Он не стал с ним заговаривать, покрутился немного и вышел наружу. Следующей его целью была торговка мороженым.
Это была женщина лет тридцати с гаком. Она стояла, облокотившись на свой холодильник, и с отсутствующим видом смотрела куда-то вдаль. Порой Олег видел, как так же застывал взгляд у Турецкого; обычно после этого шеф изрекал какую-нибудь нестандартную мысль. А что, интересно, варилось под аляповатой «химией» у этой мадам?
— Здравствуйте, Клавочка! — дружески улыбаясь, сказал Олег.
Женщина прекратила созерцание и подняла голову.
— Здравствуйте, — сказала она. — Что-то я вас не узнаю…
— Зато я вас сразу, я о вас от друга наслышан, — еще шире заулыбался Олежка. — Друг у меня недавно сюда переехал, вот, пригласил на смотрины. Адрес, как у секретного предприятия! Дом пятьдесят три, да еще четвертое строение. Я ему говорю, без пол-литры фиг найдешь, а он: иди сразу на угол Ульяновской, спроси Клавочку, она все как есть объяснит…
Клавочка тут же растаяла и снабдила его подробнейшими указаниями. Олег поблагодарил ее и отправился в глубь квартала.

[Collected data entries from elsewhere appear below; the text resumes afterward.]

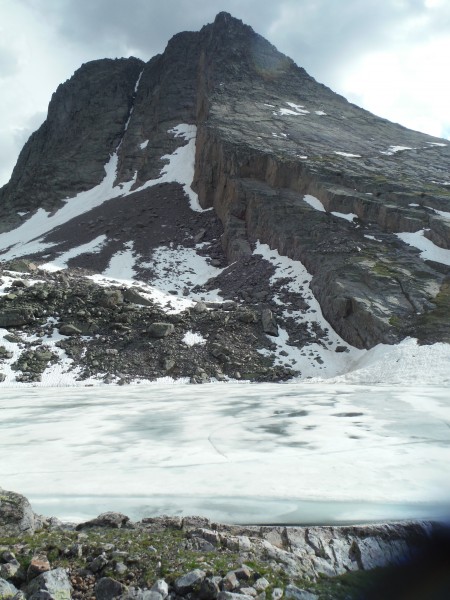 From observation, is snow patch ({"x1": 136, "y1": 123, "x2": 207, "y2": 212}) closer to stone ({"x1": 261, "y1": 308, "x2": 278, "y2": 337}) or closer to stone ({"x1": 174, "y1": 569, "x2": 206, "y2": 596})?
stone ({"x1": 261, "y1": 308, "x2": 278, "y2": 337})

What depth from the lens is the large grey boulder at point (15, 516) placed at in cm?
489

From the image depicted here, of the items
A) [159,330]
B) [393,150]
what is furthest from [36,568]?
[393,150]

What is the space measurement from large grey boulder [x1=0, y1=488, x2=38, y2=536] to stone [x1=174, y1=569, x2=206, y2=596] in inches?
77.6

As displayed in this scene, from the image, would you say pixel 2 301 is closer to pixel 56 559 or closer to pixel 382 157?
pixel 56 559

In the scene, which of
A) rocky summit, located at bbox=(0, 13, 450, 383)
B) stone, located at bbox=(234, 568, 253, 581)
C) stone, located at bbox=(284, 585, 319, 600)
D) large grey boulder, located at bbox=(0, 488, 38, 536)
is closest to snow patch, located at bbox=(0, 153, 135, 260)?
rocky summit, located at bbox=(0, 13, 450, 383)

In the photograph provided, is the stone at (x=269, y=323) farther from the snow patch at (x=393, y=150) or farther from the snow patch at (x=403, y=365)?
the snow patch at (x=393, y=150)

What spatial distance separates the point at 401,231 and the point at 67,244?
30.1m

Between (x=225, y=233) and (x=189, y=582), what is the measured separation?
1387 inches

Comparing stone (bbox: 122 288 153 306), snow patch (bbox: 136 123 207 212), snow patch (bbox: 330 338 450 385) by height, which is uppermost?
snow patch (bbox: 136 123 207 212)

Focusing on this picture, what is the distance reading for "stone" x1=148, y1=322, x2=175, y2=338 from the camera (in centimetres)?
2133

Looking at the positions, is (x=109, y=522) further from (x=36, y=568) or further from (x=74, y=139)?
(x=74, y=139)

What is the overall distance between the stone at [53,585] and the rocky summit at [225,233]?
15102 millimetres

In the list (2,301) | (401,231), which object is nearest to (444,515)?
(2,301)

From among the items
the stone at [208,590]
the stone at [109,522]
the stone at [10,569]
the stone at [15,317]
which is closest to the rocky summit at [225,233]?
the stone at [15,317] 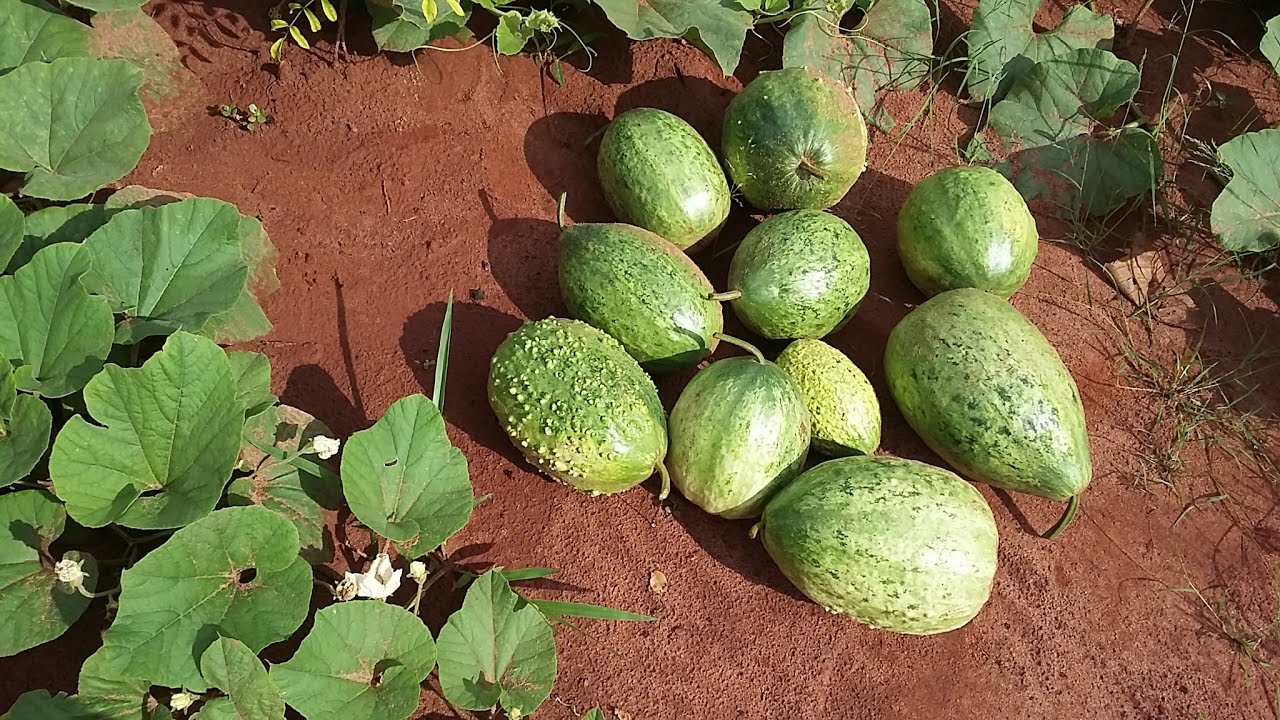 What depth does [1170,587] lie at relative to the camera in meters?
3.42

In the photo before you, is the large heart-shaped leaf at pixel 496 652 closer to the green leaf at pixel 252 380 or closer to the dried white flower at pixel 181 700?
the dried white flower at pixel 181 700

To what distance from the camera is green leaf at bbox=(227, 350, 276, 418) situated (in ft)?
9.18

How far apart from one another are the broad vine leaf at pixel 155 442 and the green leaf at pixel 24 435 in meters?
0.07

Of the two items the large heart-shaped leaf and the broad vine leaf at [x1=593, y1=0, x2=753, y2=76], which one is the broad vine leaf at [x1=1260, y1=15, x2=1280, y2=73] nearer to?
the broad vine leaf at [x1=593, y1=0, x2=753, y2=76]

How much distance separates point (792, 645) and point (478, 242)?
1.88 metres

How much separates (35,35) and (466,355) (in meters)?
1.82

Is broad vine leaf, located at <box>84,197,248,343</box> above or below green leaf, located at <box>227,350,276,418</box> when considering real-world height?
above

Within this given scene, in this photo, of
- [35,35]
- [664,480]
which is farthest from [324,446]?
[35,35]

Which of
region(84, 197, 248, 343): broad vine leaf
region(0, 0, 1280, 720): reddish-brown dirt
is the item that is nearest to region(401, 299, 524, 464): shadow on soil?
Result: region(0, 0, 1280, 720): reddish-brown dirt

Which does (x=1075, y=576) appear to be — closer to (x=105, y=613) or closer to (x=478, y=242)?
(x=478, y=242)

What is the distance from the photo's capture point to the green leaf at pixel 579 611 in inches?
111

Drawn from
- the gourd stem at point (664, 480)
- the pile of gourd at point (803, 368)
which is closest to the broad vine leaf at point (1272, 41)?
the pile of gourd at point (803, 368)

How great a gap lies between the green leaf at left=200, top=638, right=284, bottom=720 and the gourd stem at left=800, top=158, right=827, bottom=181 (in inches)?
102

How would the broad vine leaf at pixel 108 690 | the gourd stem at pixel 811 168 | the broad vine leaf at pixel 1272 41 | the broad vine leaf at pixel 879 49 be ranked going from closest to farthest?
the broad vine leaf at pixel 108 690 → the gourd stem at pixel 811 168 → the broad vine leaf at pixel 879 49 → the broad vine leaf at pixel 1272 41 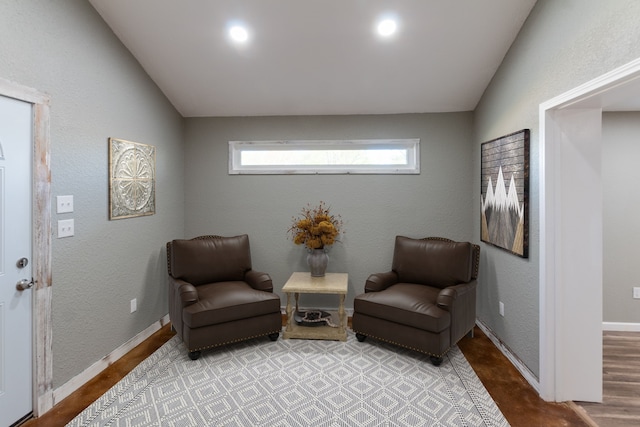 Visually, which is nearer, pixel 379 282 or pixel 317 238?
pixel 379 282

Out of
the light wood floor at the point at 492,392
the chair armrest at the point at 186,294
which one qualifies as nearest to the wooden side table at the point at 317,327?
the chair armrest at the point at 186,294

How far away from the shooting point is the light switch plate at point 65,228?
2227 mm

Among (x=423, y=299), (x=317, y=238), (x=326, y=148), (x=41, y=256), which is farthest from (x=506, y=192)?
(x=41, y=256)

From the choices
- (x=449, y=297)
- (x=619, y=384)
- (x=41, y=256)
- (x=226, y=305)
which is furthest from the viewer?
(x=226, y=305)

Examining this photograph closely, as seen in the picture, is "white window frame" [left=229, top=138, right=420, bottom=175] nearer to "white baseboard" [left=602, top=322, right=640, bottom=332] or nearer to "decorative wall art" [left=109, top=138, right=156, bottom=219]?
"decorative wall art" [left=109, top=138, right=156, bottom=219]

Он не помнил, кто сказал: на собственных ошибках учатся дураки, умному хватает чужих. По этой классификации он выходил дураком, но все же не безнадежным. Он делал ошибки, и притом в огромных количествах. Однако повторять их не собирался. Хватит с него и той первой попытки самостоятельно арестовать Скунса. Больше он подобной глупости не совершит. Он просто походит кругом, разведает, где и что, прикинет подходы. А потом доложит Турецкому: «Александр Борисович, я тут нечаянно Скунса засек…» Угодливое воображение сразу принималось рисовать ему реакцию старшего следователя, но Олег такие мысли отсекал безо всякой пощады. Не говори «гоп». Может, появится этот мужик (юный сыщик не сомневался, что тотчас узнает его) и окажется, что со Скунсом у них ничего общего, кроме крутизны. Или, наоборот, вообще никто не появится…

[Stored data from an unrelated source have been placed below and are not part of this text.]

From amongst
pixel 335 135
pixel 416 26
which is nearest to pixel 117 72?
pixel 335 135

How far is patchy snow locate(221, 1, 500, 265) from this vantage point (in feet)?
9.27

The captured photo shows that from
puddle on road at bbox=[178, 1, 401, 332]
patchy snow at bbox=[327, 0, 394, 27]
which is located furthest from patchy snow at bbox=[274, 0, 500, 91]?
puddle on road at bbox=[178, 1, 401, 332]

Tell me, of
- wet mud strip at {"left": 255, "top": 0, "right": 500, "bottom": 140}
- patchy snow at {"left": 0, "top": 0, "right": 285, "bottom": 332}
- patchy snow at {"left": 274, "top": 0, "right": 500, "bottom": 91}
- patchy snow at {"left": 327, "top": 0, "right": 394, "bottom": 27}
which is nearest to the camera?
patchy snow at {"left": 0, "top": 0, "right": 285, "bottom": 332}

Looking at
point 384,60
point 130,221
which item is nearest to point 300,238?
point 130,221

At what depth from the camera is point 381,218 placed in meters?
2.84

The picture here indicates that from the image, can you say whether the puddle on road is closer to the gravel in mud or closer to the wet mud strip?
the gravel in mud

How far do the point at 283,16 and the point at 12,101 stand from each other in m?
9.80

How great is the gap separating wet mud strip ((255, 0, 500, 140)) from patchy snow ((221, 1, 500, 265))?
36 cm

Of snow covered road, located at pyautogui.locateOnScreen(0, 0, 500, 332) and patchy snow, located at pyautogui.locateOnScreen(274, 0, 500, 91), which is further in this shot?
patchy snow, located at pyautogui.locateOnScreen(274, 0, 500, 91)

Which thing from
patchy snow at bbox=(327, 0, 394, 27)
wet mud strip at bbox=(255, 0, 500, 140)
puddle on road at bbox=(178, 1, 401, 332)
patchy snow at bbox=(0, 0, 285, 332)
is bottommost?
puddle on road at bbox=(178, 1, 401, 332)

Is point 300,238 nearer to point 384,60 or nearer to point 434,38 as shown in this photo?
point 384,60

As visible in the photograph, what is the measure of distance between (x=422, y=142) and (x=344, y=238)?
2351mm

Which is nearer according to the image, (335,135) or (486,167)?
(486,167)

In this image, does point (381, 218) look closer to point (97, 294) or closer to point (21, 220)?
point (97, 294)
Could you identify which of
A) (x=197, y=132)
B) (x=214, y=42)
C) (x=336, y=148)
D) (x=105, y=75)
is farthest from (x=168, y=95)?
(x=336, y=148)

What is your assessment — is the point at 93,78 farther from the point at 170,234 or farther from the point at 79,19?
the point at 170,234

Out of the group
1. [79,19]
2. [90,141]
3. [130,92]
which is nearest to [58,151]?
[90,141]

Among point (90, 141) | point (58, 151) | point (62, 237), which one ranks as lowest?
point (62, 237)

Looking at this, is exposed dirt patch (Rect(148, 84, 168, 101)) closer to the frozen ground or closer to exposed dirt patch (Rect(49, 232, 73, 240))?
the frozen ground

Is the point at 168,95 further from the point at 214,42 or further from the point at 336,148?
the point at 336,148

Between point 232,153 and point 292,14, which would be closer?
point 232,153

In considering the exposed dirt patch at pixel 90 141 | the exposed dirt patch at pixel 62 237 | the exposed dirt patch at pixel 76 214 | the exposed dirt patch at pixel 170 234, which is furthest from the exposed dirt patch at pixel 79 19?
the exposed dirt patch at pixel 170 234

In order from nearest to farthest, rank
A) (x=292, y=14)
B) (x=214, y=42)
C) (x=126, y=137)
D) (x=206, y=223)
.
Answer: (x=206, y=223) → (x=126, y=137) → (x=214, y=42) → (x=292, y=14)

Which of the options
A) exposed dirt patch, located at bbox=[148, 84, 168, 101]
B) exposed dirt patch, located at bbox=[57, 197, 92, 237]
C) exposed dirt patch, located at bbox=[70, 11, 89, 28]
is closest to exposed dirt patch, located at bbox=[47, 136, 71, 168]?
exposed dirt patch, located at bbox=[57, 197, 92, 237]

Знать бы Олегу Золотареву, чем в действительности суждено было закончиться его самодеятельности…
Строение номер четыре было добротным пятиэтажным каменным зданием дореволюционной постройки. Оно пряталось в самой середине квартала, и перед ним росли симпатичные кудрявые клены. Утром летнего дня здесь царила поистине благодать.

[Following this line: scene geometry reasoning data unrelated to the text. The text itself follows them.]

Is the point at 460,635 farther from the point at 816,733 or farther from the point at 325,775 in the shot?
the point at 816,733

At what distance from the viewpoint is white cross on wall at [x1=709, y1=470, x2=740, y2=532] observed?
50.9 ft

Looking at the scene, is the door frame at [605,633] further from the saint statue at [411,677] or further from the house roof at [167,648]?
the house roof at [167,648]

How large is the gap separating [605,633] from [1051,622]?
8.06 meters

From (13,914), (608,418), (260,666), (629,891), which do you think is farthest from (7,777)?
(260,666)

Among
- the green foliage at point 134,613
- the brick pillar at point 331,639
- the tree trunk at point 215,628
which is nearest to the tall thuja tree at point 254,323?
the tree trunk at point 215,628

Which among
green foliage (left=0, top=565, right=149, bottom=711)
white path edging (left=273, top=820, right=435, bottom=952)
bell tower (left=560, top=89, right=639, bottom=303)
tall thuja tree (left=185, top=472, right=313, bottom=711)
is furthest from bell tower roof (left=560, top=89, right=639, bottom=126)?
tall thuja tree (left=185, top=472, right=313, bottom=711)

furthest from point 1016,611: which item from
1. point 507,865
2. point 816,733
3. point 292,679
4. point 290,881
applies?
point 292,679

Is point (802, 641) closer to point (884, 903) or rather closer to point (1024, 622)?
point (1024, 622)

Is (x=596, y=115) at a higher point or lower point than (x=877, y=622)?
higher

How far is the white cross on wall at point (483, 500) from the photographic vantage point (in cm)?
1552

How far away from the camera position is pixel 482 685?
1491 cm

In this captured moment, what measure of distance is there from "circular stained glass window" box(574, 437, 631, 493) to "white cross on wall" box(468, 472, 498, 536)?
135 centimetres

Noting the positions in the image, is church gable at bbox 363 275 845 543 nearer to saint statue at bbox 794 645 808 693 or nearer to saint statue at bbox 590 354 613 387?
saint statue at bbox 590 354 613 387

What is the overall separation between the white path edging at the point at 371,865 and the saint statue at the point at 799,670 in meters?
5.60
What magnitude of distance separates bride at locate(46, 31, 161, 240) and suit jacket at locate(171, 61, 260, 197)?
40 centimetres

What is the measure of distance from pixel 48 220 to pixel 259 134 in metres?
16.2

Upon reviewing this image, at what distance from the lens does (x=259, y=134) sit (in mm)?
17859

К строению номер четыре можно было подобраться несколькими путями. Если идти с Большой Пестовской, как только что сам Олег, приходилось пересекать спортплощадку, а потом по узкой асфальтированной дорожке проникать сквозь обширные густые кусты. От Малой же Пестовской четвертое строение отгораживала циклопическая помойка, обсаженная сиренью, и за ней — очень длинный дом, вернее, несколько, сросшиеся вместе. Хочешь обходи кругом, а не хочешь — вот тебе длинная гулкая подворотня, смахивающая на тоннель. Олег вошел под обшарпанный свод, выглянул в примыкающий двор и увидел, что там происходили раскопки. Двор пересекала траншея: меняли какую-то трубу. Попирая газон, громоздился желтый экскаватор, поодаль стоял розовый вагончик-бытовка. День был вполне рабочий, время дня — тоже, но никаких признаков активности на раскопках не наблюдалось. Юный следователь заглянул в траншею, однако остатков белокаменных теремов и мостовых времен Ивана Грозного в грандиозной канаве не обнаружилось. Оставалось предположить, что в разгар трудового подвига просто кончилось финансирование. Работы, похоже, заглохли не сегодня, на дне валялся всяческий мусор. Как бы то ни было, траншея полностью перекрывала автомобильный подъезд, и Олег взял это на заметку.